I designed an operational transconductance amplifier (OTA) for an oscilloscope probe, implemented in a TSMC 0.25 µm CMOS process, used to buffer on-chip signals when they are routed off-chip for measurement.
The amplifier was required to have a closed loop gain of 10 V/V, enable DC voltage measurements within 1% accuracy and less than 1% overshoot, all while maintaining thermal noise below 30µV and consuming no more than 900µA of current.
Starting from hand calculations, I sized the input differential pair, current mirrors, tail current sources, and second-stage driver to establish the required transconductance, output resistance, allocating more current to the second stage as it drives the output.
The main challenge in this project was balancing stability and speed while driving a large 20 pF load. To address this, I iteratively tuned transistor width ratios and bias currents using DC operating-point simulations to ensure all devices remained in saturation while extracting transconductance, output resistance, and overdrive voltages.
Next, I performed AC and stability analyses using Cadence Spectre to extract loop gain, phase margin, unity-gain frequency, and closed-loop bandwidth.
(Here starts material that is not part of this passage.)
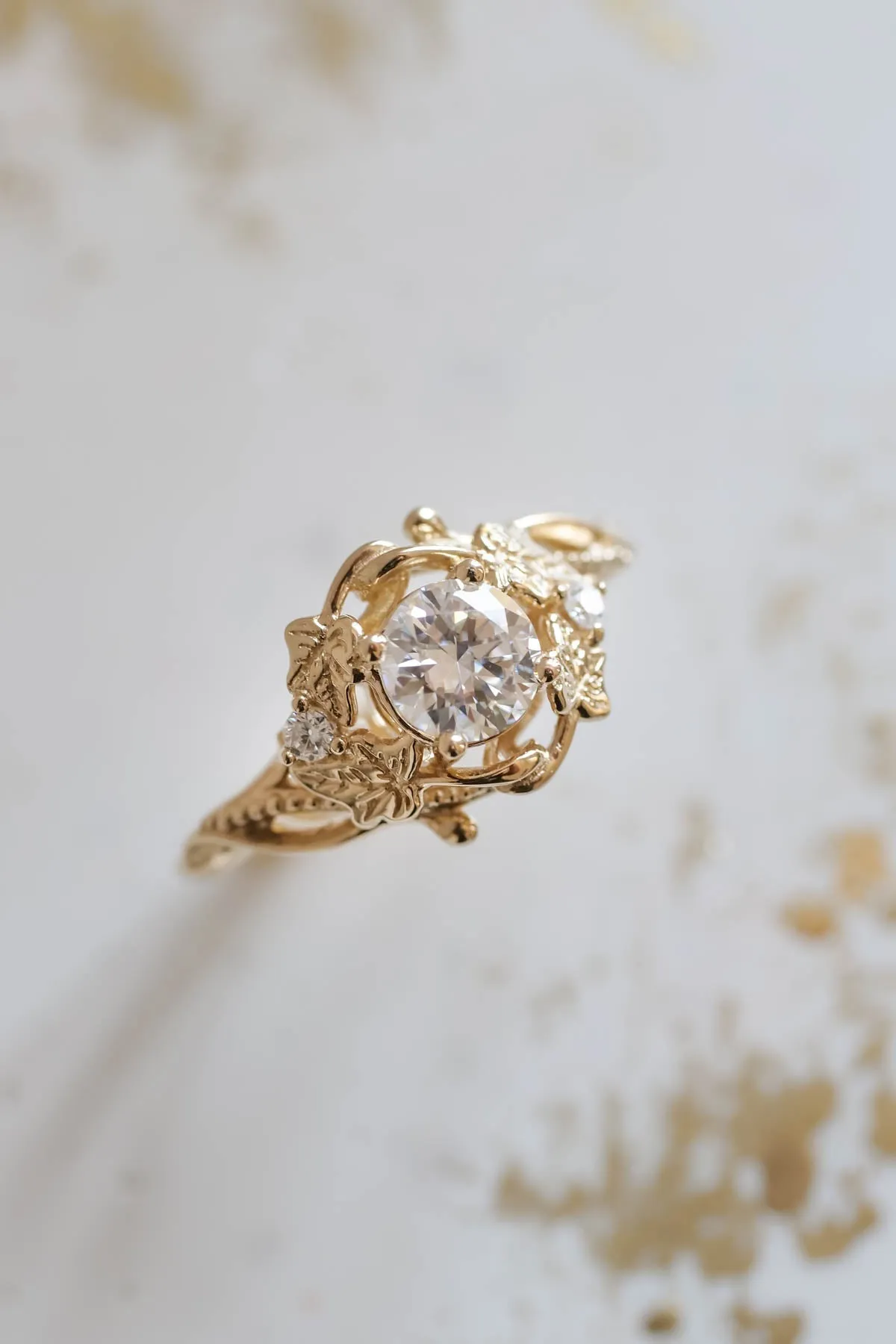 Lab grown diamond engagement ring, gold leaves ring / Ivy Undina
During this process, I utilized Miller compensation and Miller Zero Removal to ensure a large phase margin under feedback while driving the 20 pF load. I then ran transient simulations across multiple step amplitudes to evaluate settling time and overshoot to ensure my design met spec.
Finally, I analyzed robustness across temperature, supply-voltage, and load corners. I computed integrated input-referred noise using extracted transconductance and simulated closed-loop bandwidth, and verified performance degradation trends through temperature and supply sweeps to ensure the design remained compliant under worst-case conditions.
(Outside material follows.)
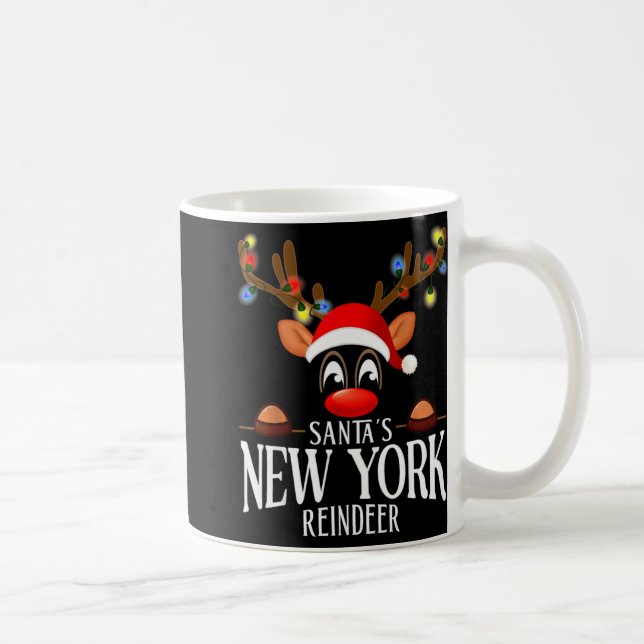 Santas New York Reindeer Funny Xmas Matching Pjs  Kaffeetasse (Rechts)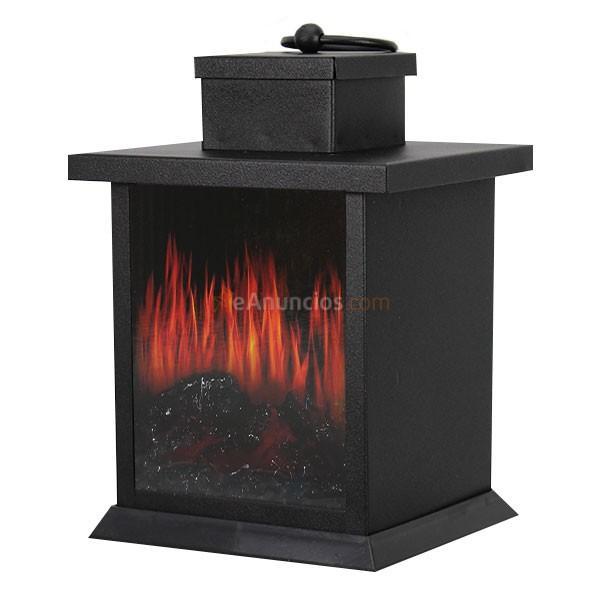 Farol Grundig efecto chimenea 3 LED metal 23 cm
The final OTA met all required performance specifications under nominal operating conditions. The design achieved a closed-loop gain of approximately 10 V/V with a unity-gain frequency of 12.03 MHz and a closed-loop bandwidth of 1.205 MHz while driving a 20 pF load. Stability was ensured with a phase margin of approximately 91°, resulting in fast, well-damped transient behavior.
Power and accuracy targets were satisfied, with total current consumption of 881.5 µA and an input-referred DC offset of 66.2 µV. Transient simulations showed approximately 1 µs settling time to 1% accuracy with 0% overshoot. Integrated noise performance exceeded requirements, with a room-temperature noise of 5.77 µV, providing substantial margin below the 30 µV specification.